El revuelo es causado por el inicio de revisión por parte de la Corte Constitucional de una ponencia del magistrado Alberto Rojas, que aboga por la despenalización del aborto desde un abordaje en principio innovador que considera que el planteamiento del delito es discriminatorio con la mujer.
En la agenda del día de la Corte, registra entonces la discusión del expediente D-13856, correspondiente a la mencionada ponencia, que acusa al artículo 122 de la ley 599 del 2000, en el que se señala que “la mujer que causare su aborto o permitiere que otro se lo cause, incurrirá en prisión de uno (1) a tres (3) años”.
En el texto de dicho artículo también se menciona la responsabilidad, en igual relación, de la persona que “con consentimiento de la mujer” realice el aborto; así como también se mencionan las tres causales que desde 2006 la Corte avaló para la realización de esta práctica: malformación del feto que haga inviable su vida, cuando la salud de la madre se ponga en peligro con el embarazo o cuando este sea fruto de violación o cualquier tipo de práctica no consentida.
En términos generales, lo que Rojas pide es despenalizar el aborto puesto que considera que existe desigualdad en la forma en la que se aborda dicho delito, ya que según como se plantea en el artículo 122, solo la mujer es perseguida y criminalizada por este procedimiento. Siendo un caso realmente atípico, ya que no es muy común que un delito discrimine por género a quien lo cometa.
De acuerdo con El Espectador, medio que asegura tener en su poder la ponencia del magistrado Rojas, lo anterior buscaría proteger los derechos sexuales y reproductivos de la mujer, así como su salud y libre desarrollo de la personalidad. Esto, pues en el lado contrario los hombres tienen libre acceso a distintas prácticas relacionadas con su sexualidad, mientras a la mujer se le carga con responsabilidades excesivas y se le criminaliza.
Lo cierto es, que el discurso de Rojas está en línea con varias organizaciones de Derechos Humanos, como es el caso del Centro de Derechos Reproductivos, cuya directora regional, Catalina Martínez Coral, se tomó el tiempo de explicar este enfoque a través de Twitter.
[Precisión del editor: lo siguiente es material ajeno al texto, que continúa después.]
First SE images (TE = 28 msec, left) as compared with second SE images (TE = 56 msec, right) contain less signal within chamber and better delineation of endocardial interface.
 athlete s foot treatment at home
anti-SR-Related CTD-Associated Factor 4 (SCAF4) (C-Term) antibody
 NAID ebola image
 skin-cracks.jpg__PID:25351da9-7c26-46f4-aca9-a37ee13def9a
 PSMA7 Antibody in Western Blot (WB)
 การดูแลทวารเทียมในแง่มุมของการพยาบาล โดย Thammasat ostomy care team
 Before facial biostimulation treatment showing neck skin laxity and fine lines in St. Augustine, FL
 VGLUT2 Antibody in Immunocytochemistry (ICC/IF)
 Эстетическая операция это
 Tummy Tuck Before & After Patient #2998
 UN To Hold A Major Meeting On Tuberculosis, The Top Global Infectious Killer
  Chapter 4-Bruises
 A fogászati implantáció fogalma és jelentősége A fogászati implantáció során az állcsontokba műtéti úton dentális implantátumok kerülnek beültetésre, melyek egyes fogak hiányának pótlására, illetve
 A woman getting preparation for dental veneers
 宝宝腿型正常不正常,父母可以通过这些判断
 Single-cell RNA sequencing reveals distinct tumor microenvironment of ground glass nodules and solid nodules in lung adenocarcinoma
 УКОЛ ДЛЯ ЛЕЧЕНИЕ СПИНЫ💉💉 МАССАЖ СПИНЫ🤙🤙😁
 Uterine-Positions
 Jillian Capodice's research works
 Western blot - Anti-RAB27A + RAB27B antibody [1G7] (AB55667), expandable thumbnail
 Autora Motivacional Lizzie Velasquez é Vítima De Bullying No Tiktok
En primera instancia, Coral señala que una de las principales causas para abolir el delito del aborto es que resulta ineficaz, en cuanto “no disuade a las mujeres de buscar un aborto, pero si las empuja a buscar abortos clandestinos”.
Un segundo punto, tiene que ver con las tres causales bajo las cuales está permitido el aborto y su baja incidencia en la reducción de las denuncias contra mujeres por este hecho. Un tema en el que además juegan en su contra todo tipo de discursos morales, éticos y religiosos, que muchas veces desconocen de tajo las condiciones de la ley.